Understanding the Role of Epigenetics in Fatty Acid Regulated Promoters in Yarrowia Lipolytica

Authors: 
Blenner, M., Clemson University
Shabbir Hussain, M., Clemson University
Edgecomb, S., Clemson University
The genetic toolbox for the industrial oleaginous yeast, Y. lipolytica, has been improved in recent years. These tools include CRISPR-Cas9 mediated genome editing to libraries of promoters for fine-tuned gene expression. Most recently, we have reported the development of a strong fatty acid inducible hybrid promoter built from activating and regulatory sequences derived from the POX2 promoter. This promoter is the strongest fatty acid inducible promoter reported for Y. lipolytica. having nearly 50-fold induction relative to glucose with expression ranging from 2 to 10-fold higher than the commonly used native inducible acyl CoA oxidase (POX2) promoter. Here, we describe our most recent work to characterize the transcription factor binding sites important for fatty acid responsiveness and how these sites interact with nucleosomes to lead strong repression in the absence of fatty acid, and induction in its presence.

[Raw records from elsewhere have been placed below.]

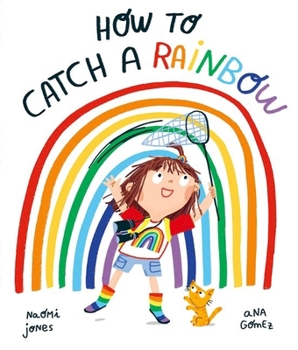 Paperback How To Catch A Rainbow Book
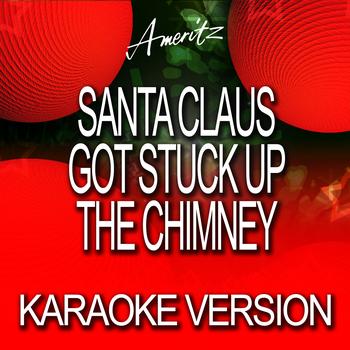 Ameritz Karaoke Band - Santa Claus Got Stuck Up The Chimney (Karaoke Version)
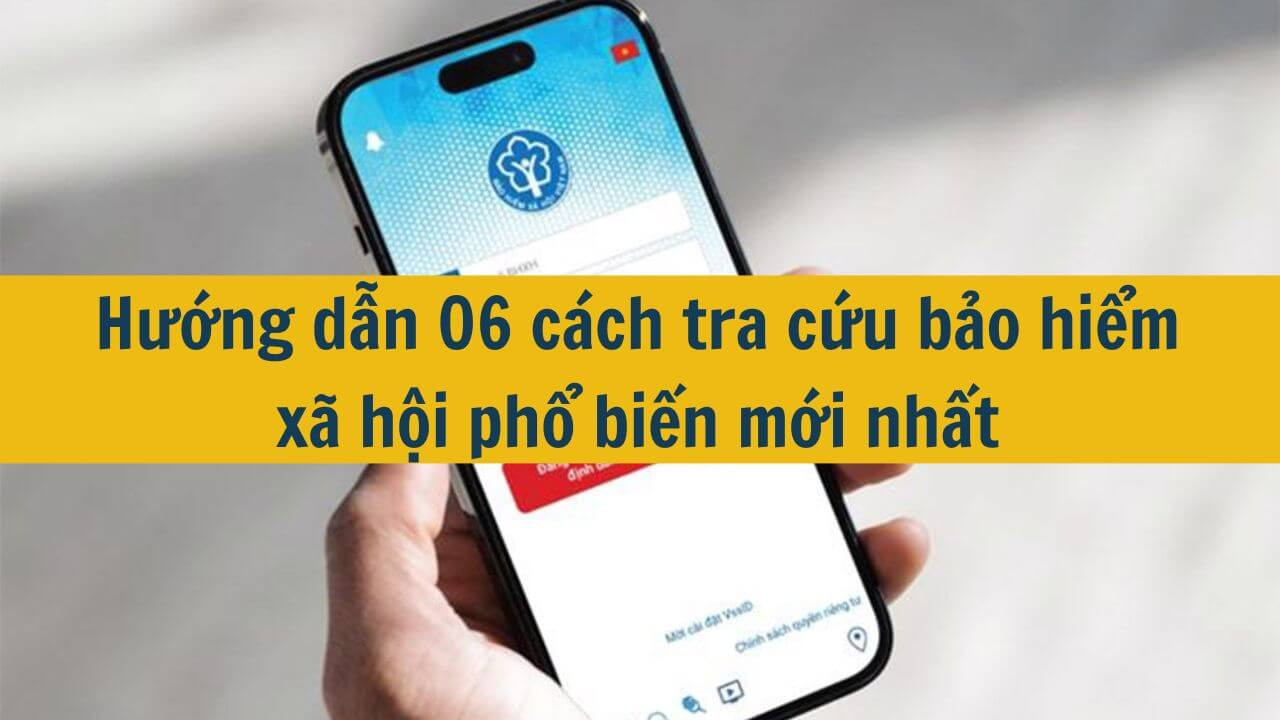 Hướng dẫn 06 cách tra cứu bảo hiểm xã hội phổ biến mới nhất 2025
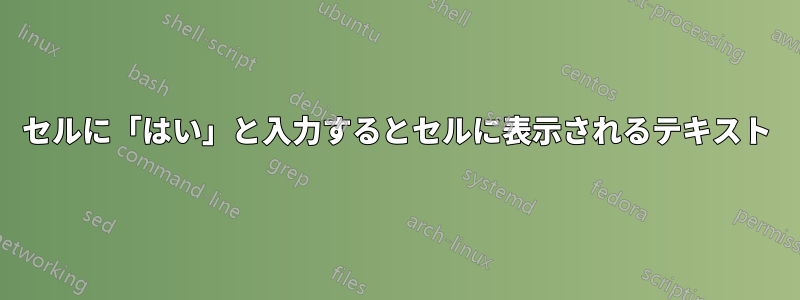 セルに「はい」と入力するとセルに表示されるテキスト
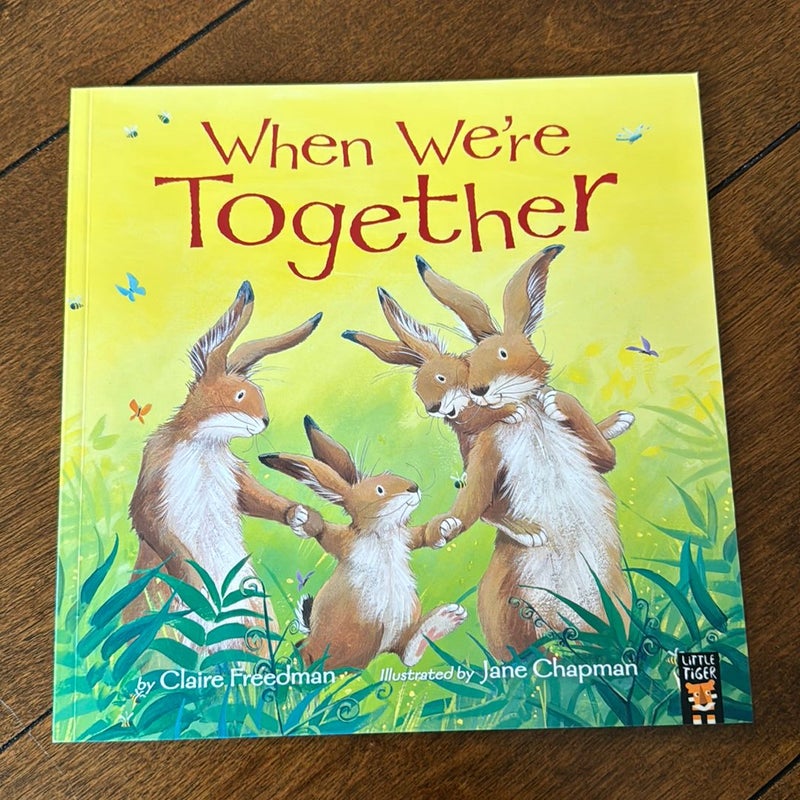 When We’re Together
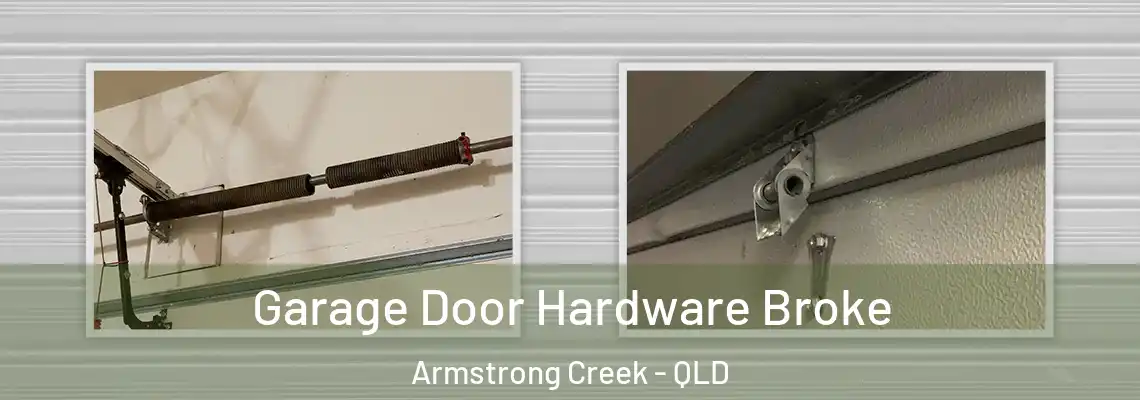 Garage Door Hardware Broke Armstrong Creek - QLD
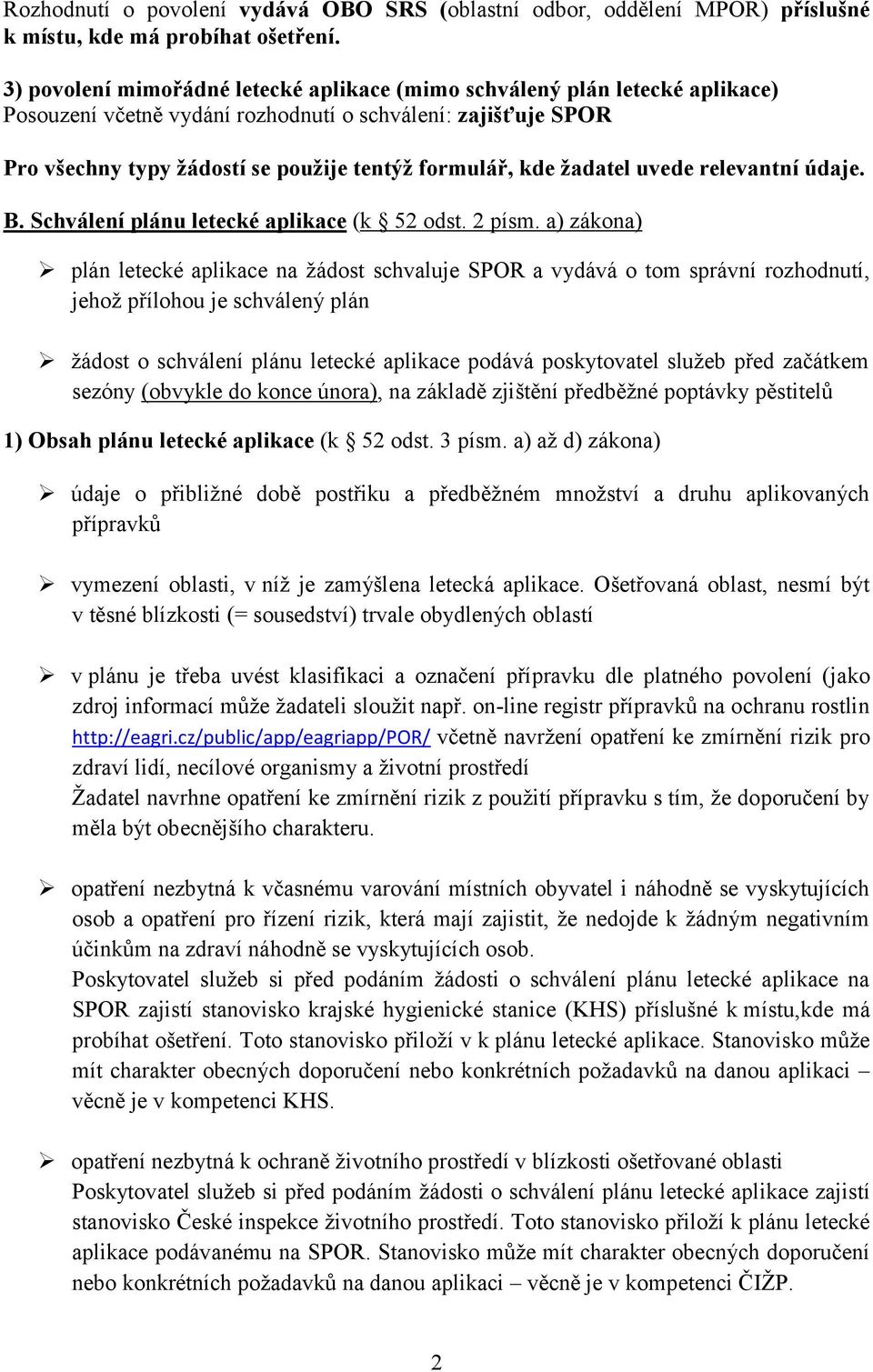 žadatel uvede relevantní údaje. B. Schválení plánu letecké aplikace (k 52 odst. 2 písm.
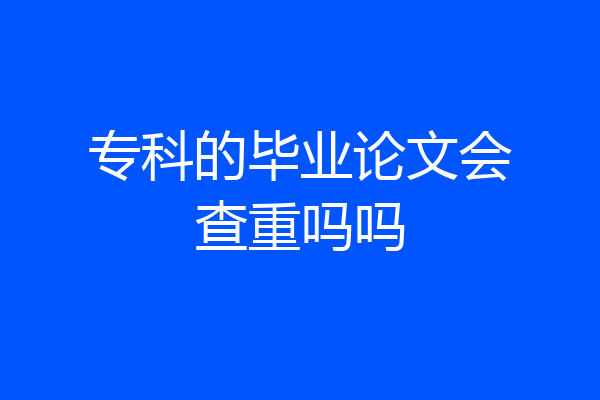 专科的毕业论文会查重吗吗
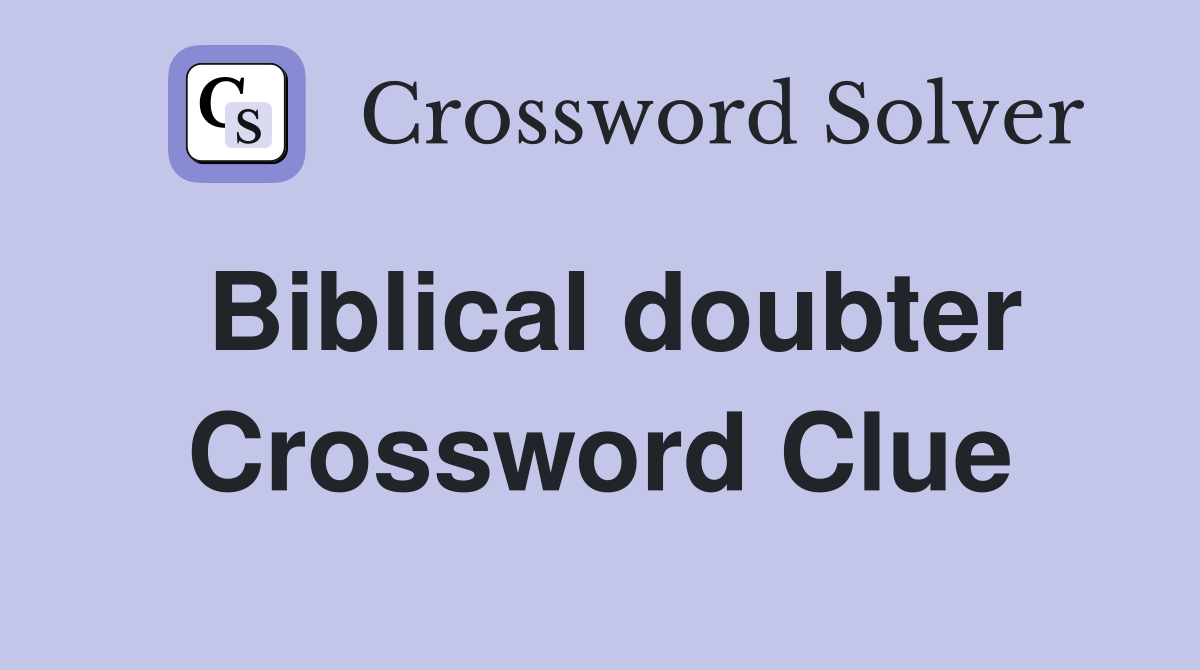 Biblical doubter Crossword Clue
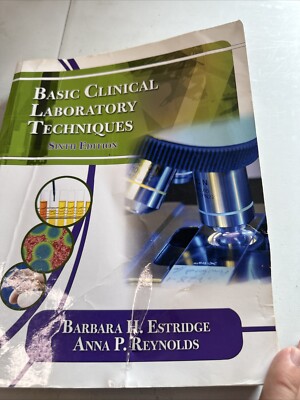 Basic Clinical Laboratory Techniques - 6th Edition - Barbara Estridge - Paperbac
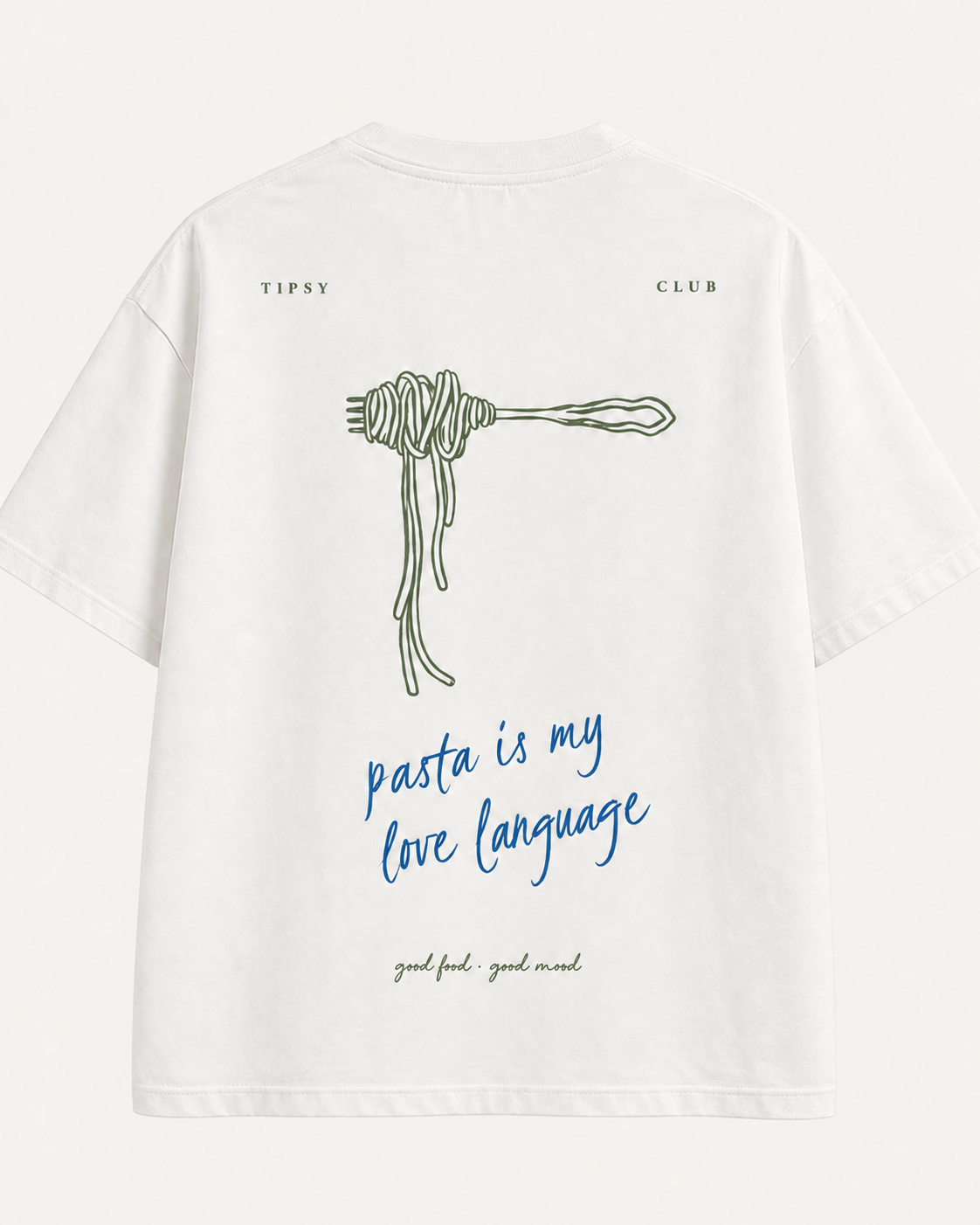T-shirt Pasta Is My Love Language — vue du dos avec le motif
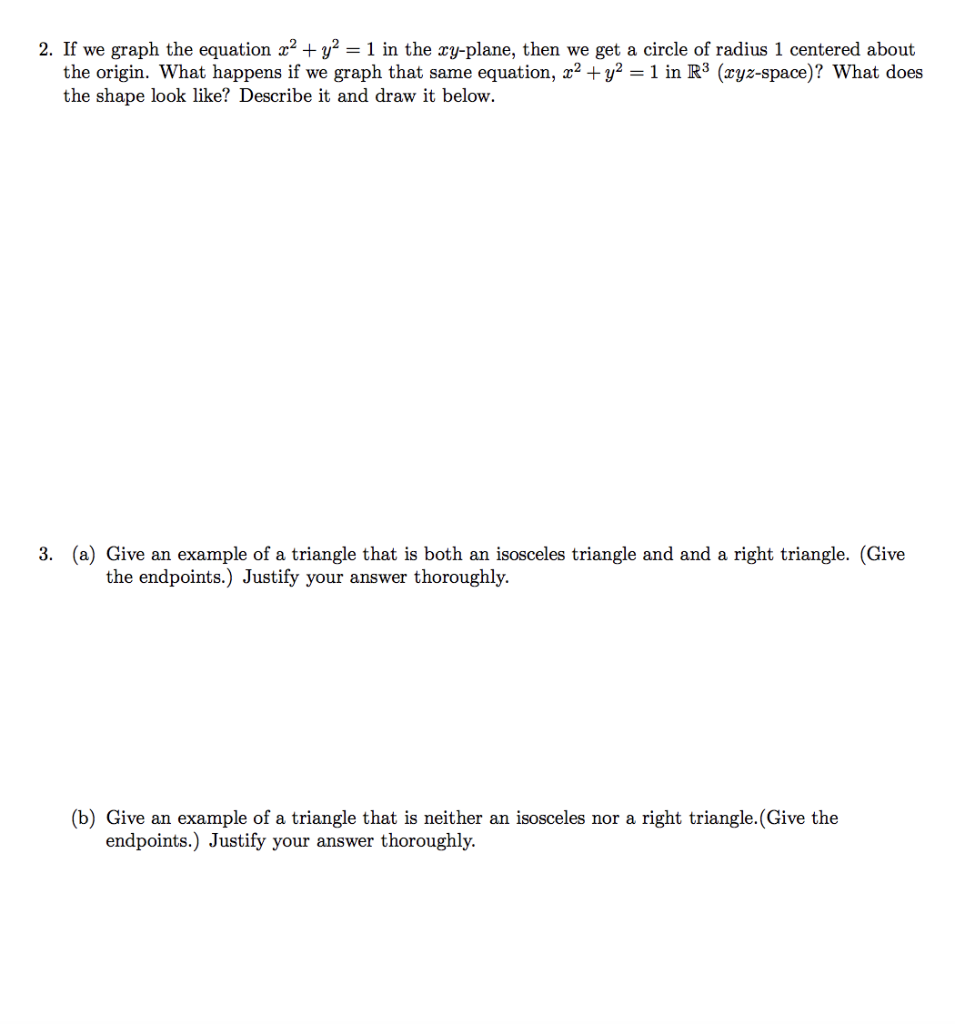 Solved 2 If We Graph The Equation X2 Y2 1 In The Chegg Com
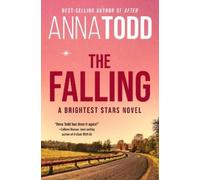 Anna Todd The Falling (Tascabile)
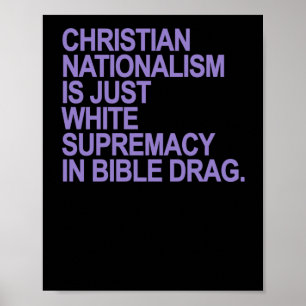 Christian Nationalism Is Just White Supremacy In B Poster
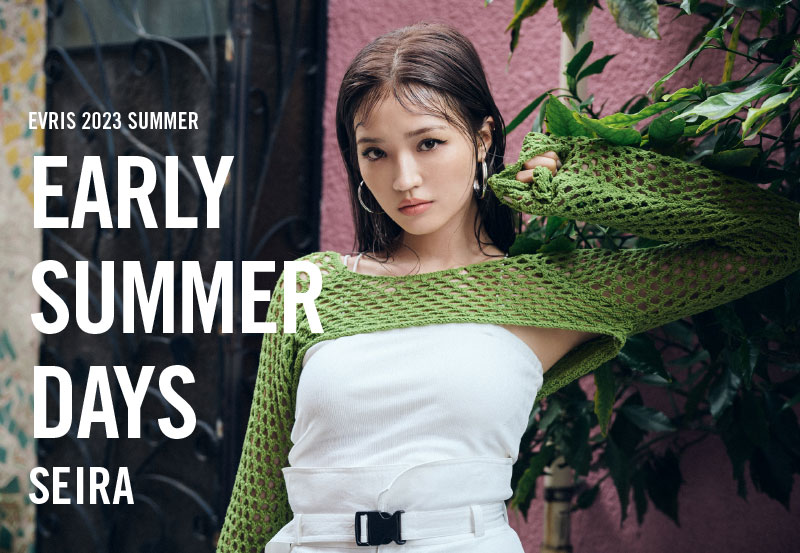 EVRIS 2023 SUMMER - SEIRA EARLY SUMMER DAYS -｜EVRIS（エヴリス 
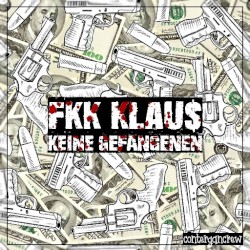 Keine Gefangenen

We have performed mutagenesis of predicted transcription factor binding sites in functionally important promoter segments as well as studies that knockout transcription factor genes. These studies are complemented with analysis of nucleosome mapping under repressed and inducing media condition. We also examine changes in nucleosome occupancy at different growth phases, and compare these changes to promoter and transcription factor binding at the same time points. Together, these data improve our understanding of how transcription factors and nucleosomes interact to control gene expression. We suggest that these principles could be broadly applied in the context of synthetic biology to engineer responsive promoters and more fine control of transcription.